The Fed took the state of the global economy, especially China’s struggling manufacturing sector, into consideration as well, according to Kumazawa.

Tommy Fagan, a junior accounting and information systems management major, agreed that failing markets in China are a reason the Fed would not want to raise its interest rate.

“If they change [the interest rate] now and if something happens with the [Chinese] market, we’re probably going to have another crash like the 2008 recession,” Fagan said.

Davies said that while “borrowers” like college students and homeowners benefit from a low interest rate, groups of people who are “savers” can suffer from it.

“Low interest rates are bad for … the elderly living on fixed incomes [and] people saving for retirement,” he said.

He added that the federal government is the “single largest beneficiary” of keeping the current interest rate.

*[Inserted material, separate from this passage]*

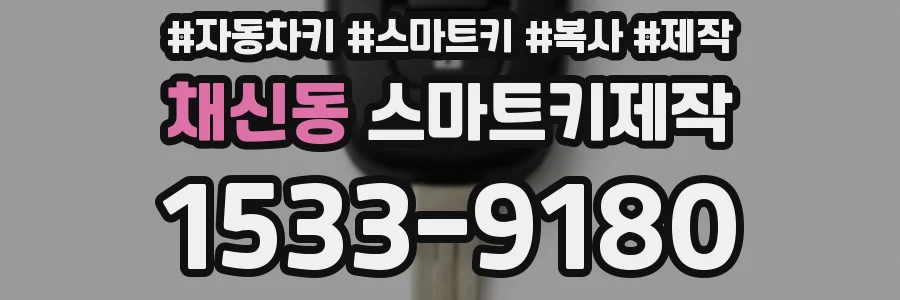 채신동 스마트키제작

“When interest rates rise, so too does the federal government’s interest expense,” Davies said. “With $18 trillion in debt, that tiny one-quarter of one-percentage point increase in interest rates would have cost the federal government $45 billion annually in additional interest expense.”

The Fed will likely raise the interest rate in the future, as low interest rate promotes inflation, according to Davies.

“Eventually, the artificially low rate is going to spur inflation,” he said. “When that happens, the Fed will have to choose between costing the government in additional interest expense or costing taxpayers in inflation.”